Segundo a proprietária da loja feminina Sievá, Vitória Menezes, ela vira mil pessoas ao mesmo tempo. “Eu sou administradora, modelo, marketing, financeiro, e às vezes até entregadora quando preciso. Faço tudo sozinha, sem rede de apoio nenhuma. É bem complicado administrar tantas funções. O ideal às vezes é delegar o máximo de funções, para evitar ficar sobrecarregada. Mas aí a gente vai tendo esse jogo de cintura, tentando manobrar de alguma forma”, conta.


Isso é de fato um impasse enorme para todas ou pelo menos a maioria das mulheres e aumenta quando a empreendedora é mãe. “No início eu planejava mil coisas e não conseguia executar nenhuma. Tentei vários métodos e também não conseguia seguir nenhum. Até o momento em que mentalmente eu estava exausta e posso dizer, surtando! Foi quando eu parei, respirei e entendi que eu não daria conta de tudo e estava tudo bem. O importante era fazer o que dava da melhor maneira possível! Depois dessa virada de chave tudo começou a ser mais leve e fluir melhor”, conta a dona da loja de acessórios Cor e Nós, Ana Tammyres.


Em boa parte dos casos, o simples fato de ser mulher faz com que acionistas e investidores desacreditem e diminuam a credibilidade do negócio, além de duvidarem da capacidade de gestão da empreendedora.Cenários como estes são bastante comuns e refletem a imagem construída ao longo dos anos de que os homens são melhor preparados para a iniciativa.
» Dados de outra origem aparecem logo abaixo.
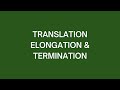 Translation Elongation &amp; Termination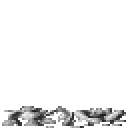 Debris/Bones (Nonsolid)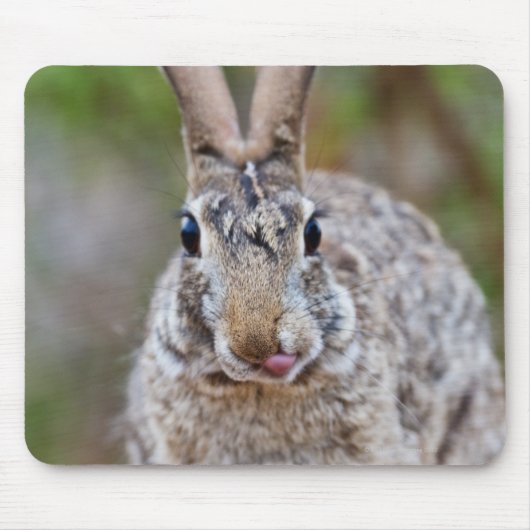 Texas Cottontail Kaninchen Mousepad (Vorne)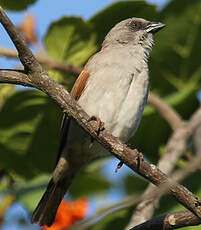 Moineau gris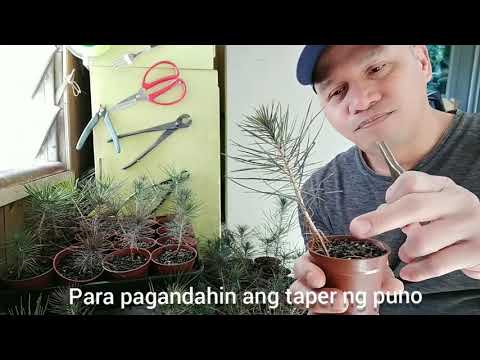 Japanese Black Pine Seedling Care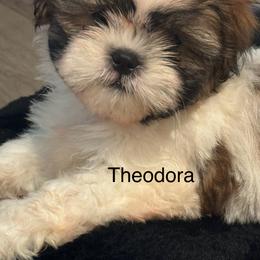 Shih Tzu Puppies from BVPT puppies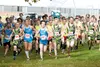 A pack of cross-country runners head out on the boys 2.5-killomer race during the Mat-Su Borough Championships races at Colony High School last week. Local coaches and runners learned Thursda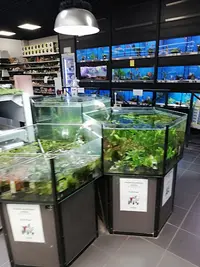 Magasin Vert Plerin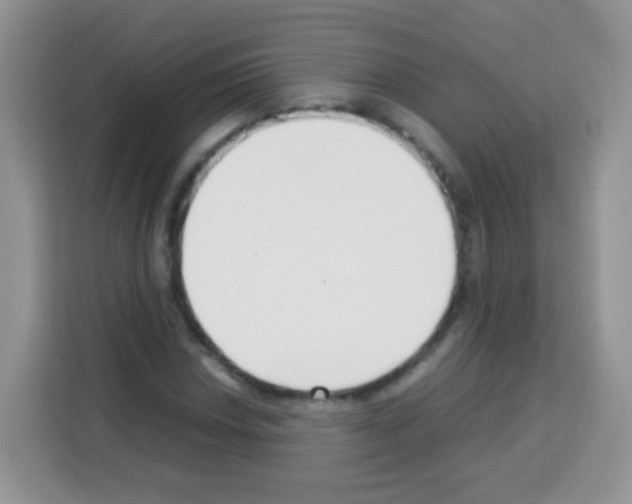 X0000113031018200910081216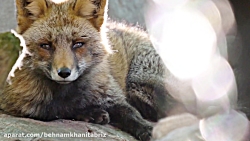 حیوانات وحشی باورنکردنی را می...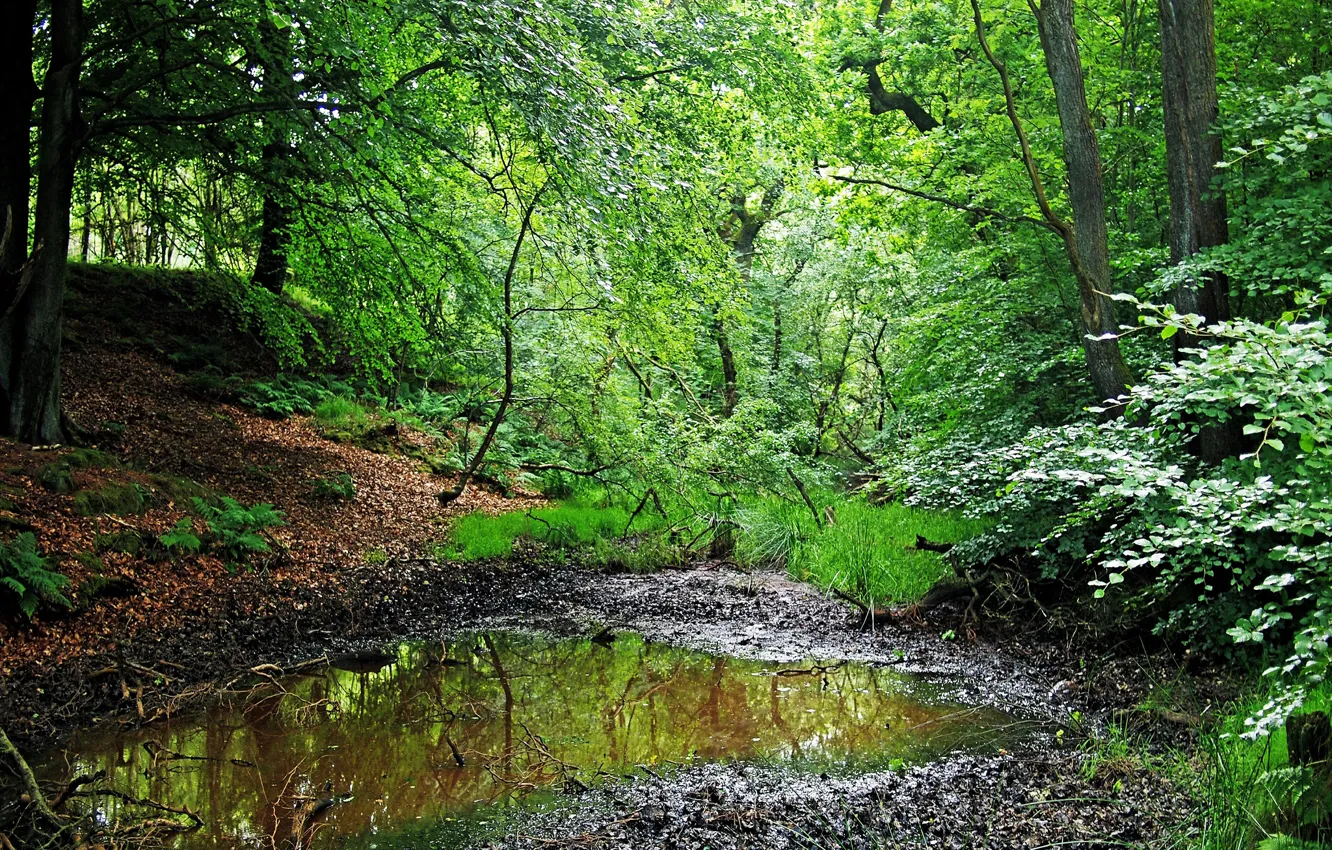 Photo wallpaper forest, summer, grass, trees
Segundo a proprietária da Revive Lingerie, Flávia Costa, o empreendedorismo é muito distante para as mulheres.
“A gente nunca teve essa posição de chefe, de ocupar um cargo de gestão. O campo não é aberto para a gente, é muito diferente o tratamento de uma mulher e de um homem que resolve empreender. Nós fomos meio que contempladas negativamente com a ideia de que a mulher tem que fazer trabalhos domésticos, e de que o fornecedor de tudo é o homem. Talvez isso tenha sido uma grande dificuldade para mim no começo, pois eu tinha medo de apostar e não obter sucesso”, conta.


Preconceito racial

O preconceito racial é outra camada adicionada como barreira para mulheres empresárias. O rendimento médio mensal das mulheres empreendedoras negras no Brasil é de R$ 1.539, enquanto o das mulheres brancas é R$ 2.305, segundo pesquisa do Sebrae. Além disso, elas têm mais dificuldades de manter seus negócios do que as brancas. Disparidades em educação e oportunidades de crédito fazem a vida da mulher negra mais difícil na hora de abrir um negócio.
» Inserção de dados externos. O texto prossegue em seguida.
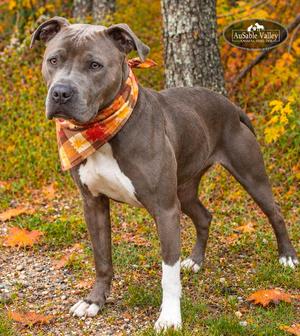 Layla, Mixed Breed, adult, available for adoption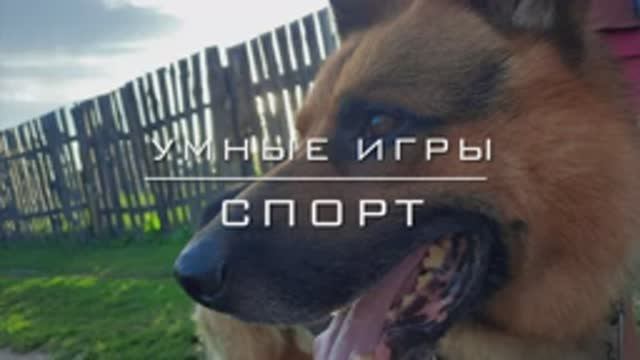 Собака-напарник по спорту.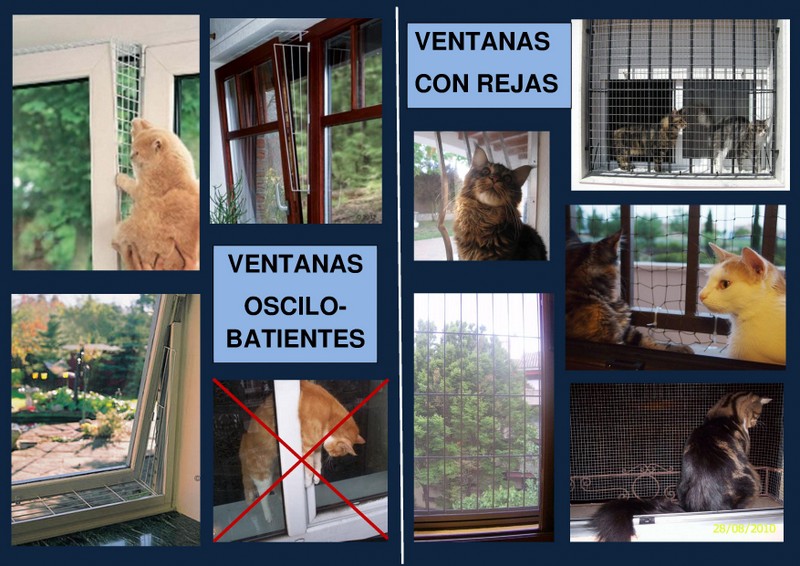 Gatos, ventanas y balcones (soluciones) - Protegelos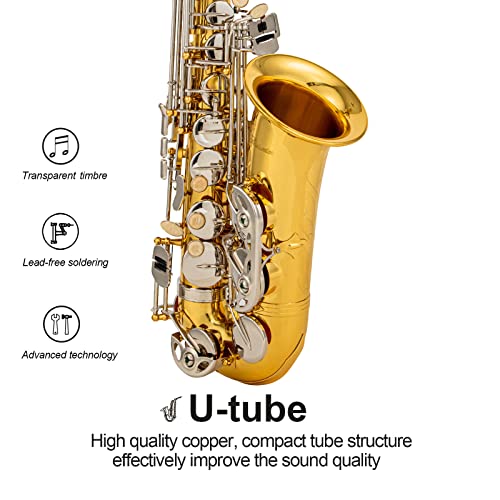 Black/gold keys Eb Alto Saxophone with Case G299000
De acordo com a chef de cozinha Negralinda, estar cursando a faculdade é muito importante. “Eu sou estudante do 4° período do Curso Tecnologia em Gastronomia. Sou bolsista na faculdade. O que é mais difícil é o preconceito e a discriminação. Minha aceitação como chef de cozinha foi muito difícil e ainda é, porque muitas pessoas diziam que eu não poderia ser chamada de chef, porque não era formada em curso superior de gastronomia. Ainda sinto a discriminação dentro do mundo dos chefs de cozinha”, afirma.
Negralinda também fala sobre a dificuldade da mulher negra no mundo dos negócios. “Com isso é preciso se apropriar de todos os espaços possíveis e até dos que parecem impossíveis. As mulheres negras ainda são minoria no empreendedorismo no Brasil porque quase todas são de famílias pobres, sem recursos financeiros para abrir seus negócios, não têm crédito no mercado financeiro porque não têm bens ou patrimônio para oferecer como garantia”, ressalta.

 

Diretrizes da ONU

A Organização das Nações Unidas (ONU), em 2014 estabeleceu 19 de novembro como o Dia Mundial do Empreendedorismo Feminino. Os principais objetivos são incentivar o ingresso de mulheres no mundo dos negócios, ampliar as oportunidades,  destacar e valorizar o papel delas nesse ambiente.